A simplistic model of development is that there's some amount of time spent making code that does things, and some amount of time spent making code do what it was intended to do. But that's a limiting view, because it omits the continuous process of building and finessing a mental model. And what autonomous testing really offers is a tool for carefully reasoning about what a program really does. And that can't help but affect people's thought processes and coding processes. Writing a buggy line of code sometimes produces a definite sensation, either of "I'm not sure this will work" or the even more dreaded "this works, but I'm not sure why." So it points to uncertainty about the programmer's mental model itself.[3] Having a tool that automates bug detection and highlights potential trouble areas will end up being like working alongside a senior programmer, but a senior programmer who doesn't have anything better to do than to quickly run the code you just wrote through a million simulations to see if there's anything surprising about it.
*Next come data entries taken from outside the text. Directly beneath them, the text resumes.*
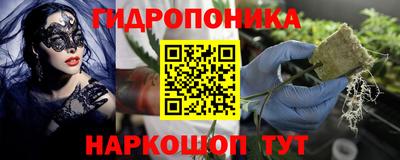 эйфоретик Краснознаменск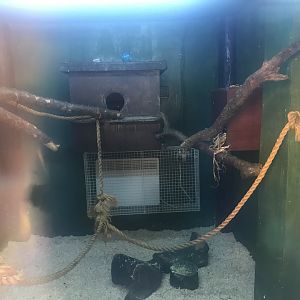 Castle zoo- Common marmoset indoors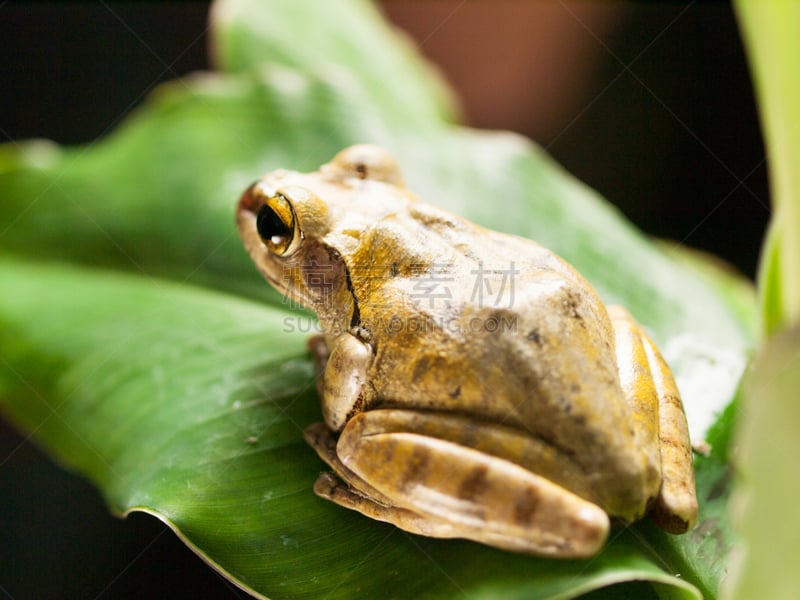 叶子,鹭管鱼,树蛙,户外,夜晚,绿色,褐色,热带气候,自然,野生动物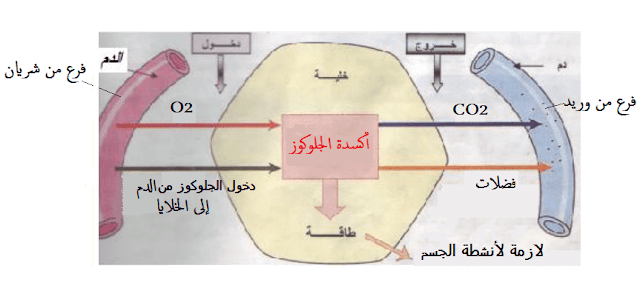  أكسدة الجلوكوز فى خلايا الجسم بفعل الأنسولين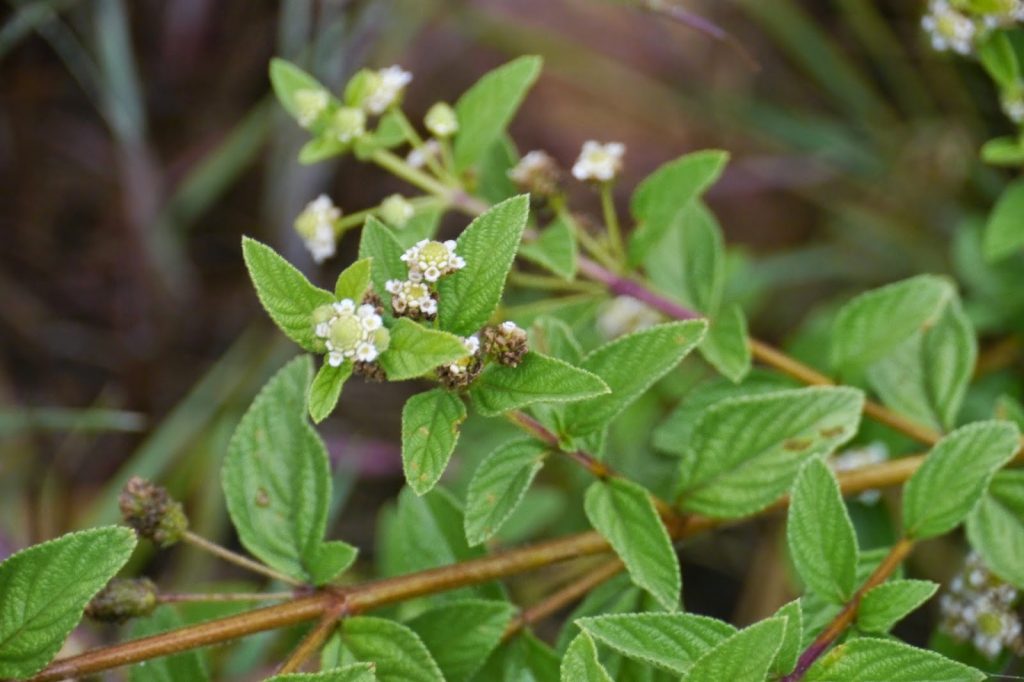 Green Lippia Javanica Planting Seeds For Perennial Gardens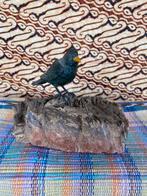 BRONZEN MERELTJE OP STUK NATUURSTEEN (SCHWARZWALD)., Ophalen of Verzenden, Brons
It's a kind of tacit knowledge of the program itself, where you get a feel for the execution path by seeing where that path meanders in surprising ways.

This is, in a sense, a return to programming tradition. In a mid-80s interview, Bill Gates said "[A]ll the good ideas have occurred to me before I actually write the program. And if there is a bug in the thing, I feel pretty bad, because if there’s one bug, it says your mental simulation is imperfect. And once your mental simulation is imperfect, there might be thousands of bugs in the program." That's a throwback to a world where every byte is precious and every wasted instruction is intolerable, where programs are a sort of jigsaw puzzle that tries to pack the maximum conceivable functionality into very finite hardware. Even at the time that he gave the interview, Gates knew that world was fading as programmers switched to higher-level languages. Those languages made development a lot faster, but meant that developers were interacting with an abstraction that mapped to hardware, not the hardware itself. Which was a win, but which also encouraged piling on more abstractions, and creating more software that interacted with other software, until the whole system was nightmarishly complex. And we're not going back to writing everything in Assembly and seeing how much we can fit into 8kb of RAM. But we can go back to the result of those constraints, a deeper knowledge of exactly what the computer does when you tell it what to do. Gates continues: "I really hate it when I watch some people program and I don’t see them thinking." Now the good ones will keep thinking, but they'll have help.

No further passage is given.